A votação, que já poderia ter ocorrido no início de abril, foi protelada pelo fato de que seis vetos do governador Romeu Zema (Novo) trancaram a pauta do Plenário. Na terça (22), os parlamentares apreciaram os vetos, destravando a pauta e abrindo caminho para os projetos dos servidores.
ACESSE AQUI MATÉRIA DA ALMG DETALHANDO OS SEIS VETOS
Agora, o PL 3.213/2024 passa à discussão em segundo turno na Comissão de Fiscalização Financeira e Orçamentária (CFFO), antes de ir novamente a Plenário. Se aprovado, o texto, de autoria do Poder Judiciário, seguirá para sanção do governador.
“É fundamental que os colegas servidores e servidoras acompanhem as mídias do sindicato e fiquem atentos às nossas convocações e compareçam à Assembleia. A recomposição salarial é um direito que se conquista na luta. Por isso, toda mobilização é fundamental”, destaca o presidente do SERJUSMIG, Eduardo Couto.

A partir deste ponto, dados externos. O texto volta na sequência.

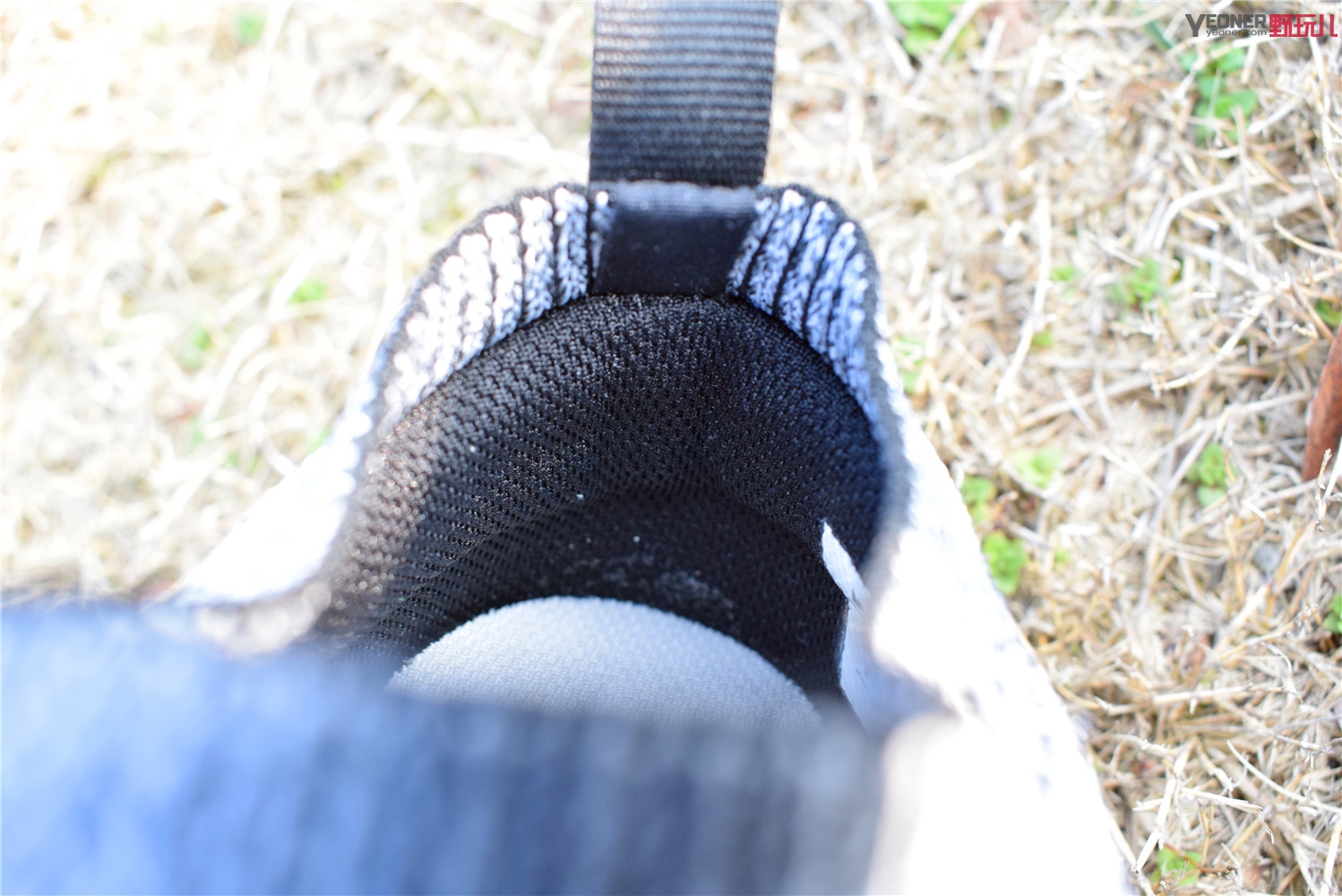 穿马拉松袜子跑步脚疼,李宁跑鞋袜套式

O SERJUSMIG também solicita que os sindicalizados pressionem individualmente os parlamentares e votem em enquete sobre o PL 3.213. “A mobilização virtual, quando combinada com a mobilização presencial, é um instrumento importante de pressão. Não substitui o comparecimento aos locais de votação. Antes, o complementa”, ressalta o presidente do sindicato.

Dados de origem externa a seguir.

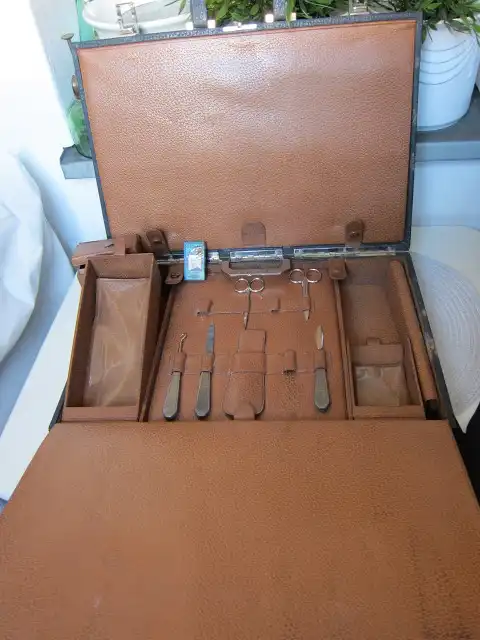 Solingen K Pfeil Reise Damen / Herren Beautykoffer, Silber 800 Kristallglas geschliffen Lederkoffer um 1927 4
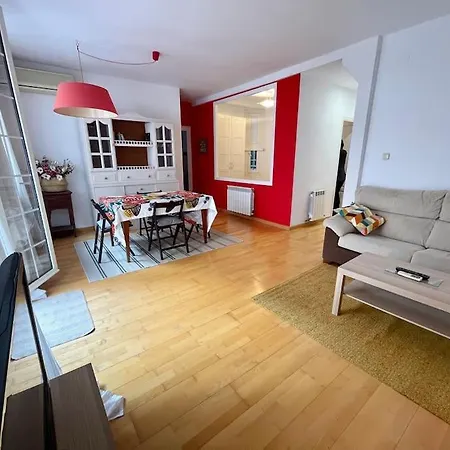 Acogedor En Apartamento *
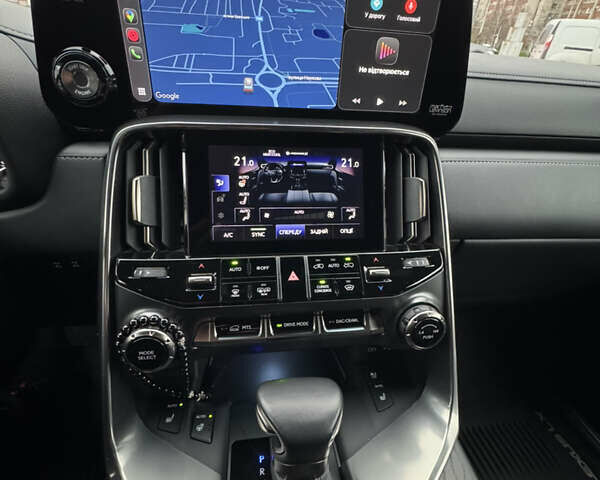 Лексус ЛХ, об'ємом двигуна 3.3 л та пробігом 24 тис. км за 126900 $, фото 9 на Automoto.ua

ACESSE AQUI OS CONTATOS DOS DEPUTADOS DA ALMG
E as faixas do auxílio-saúde?
Ao mesmo tempo, o sindicato segue cobrando da ALMG que inicie a tramitação do projeto que autoriza o Tribunal de Justiça a estabelecer o valor e as faixas etárias com escalonamento do auxílio-saúde, mediante ato interno.
“É incompreensível que esse projeto, que foi protocolado em dezembro, sequer tenha sido lido no Plenário. Enquanto isso, os servidores continuam sofrendo os efeitos da sobrecarga de trabalho e da falta de um auxílio-saúde digno, compatível com suas necessidades”, critica Eduardo Couto.